Despite macroeconomic challenges — from a shift in consumer shopping behavior to the ongoing impact of a strong U.S. dollar — Levi Strauss & Co. delivered strong growth in net income on a small increase in revenues.

Lower losses related to the impact of foreign exchange translations as well as higher international and direct-to-consumer sales buoyed results.

Net revenues rose slightly to $1.057 billion for the period ended Feb. 28 from $1.055 billion in the prior year, while net income jumped 71 percent to $66 million from $38 million. Excluding the impact of “unfavorable currency” translations, the top line gained 5 percent.

Chip Bergh, president and chief executive officer, told WWD that the company’s men’s, women’s, tops and bottoms were all up, globally. “Currency is still having an impact, but the sales growth was fairly broad-based,” he said. “We are off to a good start for the year.”

Still, Bergh acknowledged soft spots in the company’s business: notably wholesale in the U.S. and Dockers. With the latter, Bergh said, “We have a plan in place and will be resetting Dockers this summer, which also includes simplifying the shopping experience for the consumer.” On a call with investors, the ceo added that the “Dockers turnaround is well under way.” He said the repositioning includes rolling out “a Dockers Signature Khaki in stretch.”

Adjusted earnings before interest and taxes rose 4 percent in the quarter to $124 million from $120 million last year. The company said the gross profit margin jumped to 53 percent in the quarter from 50.9 percent in the prior year. Higher gross margins were “primarily due to lower negotiated product costs and streamlined supply chain operations,” the company said, adding that international and “direct-to-consumer sales growth benefited gross margin.” On the top line, the company said there was “$46 million in unfavorable currency translation effects.”

Levi’s noted that the net income gain primarily “reflected lower foreign currency transaction losses as well as higher adjusted EBIT and lower interest expense.”

“Adjusted EBIT grew 4 percent on a reported basis and 12 percent on a constant-currency basis, primarily reflecting an improvement in gross margin and higher constant-currency revenues, partially offset by increased investment in the company’s direct-to-consumer channel and advertising,” the company said.

“Our direct-to-consumer and international businesses continued to fuel our growth, and our Levi’s women’s business grew again this quarter on a global basis,” Bergh said in the quarterly statement. “Looking forward, we anticipate the second quarter will be a difficult comparison to the prior year, given our planned retail and advertising investments, and as the U.S. wholesale channel continues to face traffic challenges and ongoing softness in consumer spending at retail.”

By region, net revenues dropped 1 percent to $571 million in the Americas while Europe was flat at $276 million and Asia was up 3 percent to $209 million.
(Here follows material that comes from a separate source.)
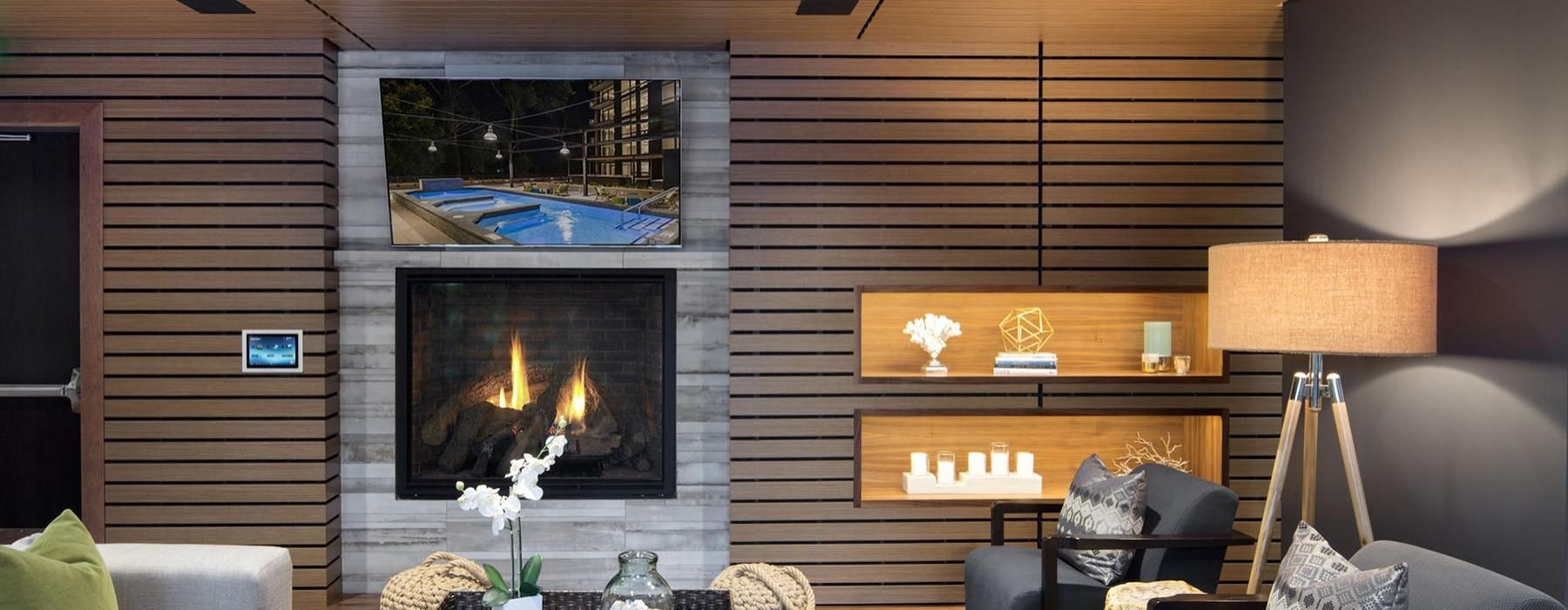 a living room with a fireplace and tv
Operating income in the Americas declined 20 percent to $82 million while rising in Europe 6 percent to $62 million. In Asia, operating income was flat at $47 million.

The Dockers reset includes re-examining the product assortment, which Bergh said has grown and become complex over time. He also said that in the casual market, “stretch is a more important focus for consumers.”

Areas of strength have been the company’s women’s business, which — for a third quarter in a row since the relaunch last year — delivered double-digit growth.

Despite the solid first quarter, Bergh said headwinds remain, which include currency issues. “And it’s tough out there, globally, as traffic is down across the board,” he said, also noting a difficult tourism market. In the U.S., the ceo expects the wholesale business to decline in the current quarter.

Also impacting the overall retail market is a seemingly permanent shift in consumer behavior. “Millennial consumers in particular are spending and shopping differently,” the ceo noted. “And Baby Boomers as well. They are spending more on dining out and having experiences, and on nesting instead of buying apparel.”

The shrinking share of apparel from a consumer’s wallet coupled with the currency issues are likely to continue, Bergh said. But he remains optimistic. “It’s important to note that at the moment there aren’t any tailwinds,” Bergh said. “Even so, we were able to post solid results.”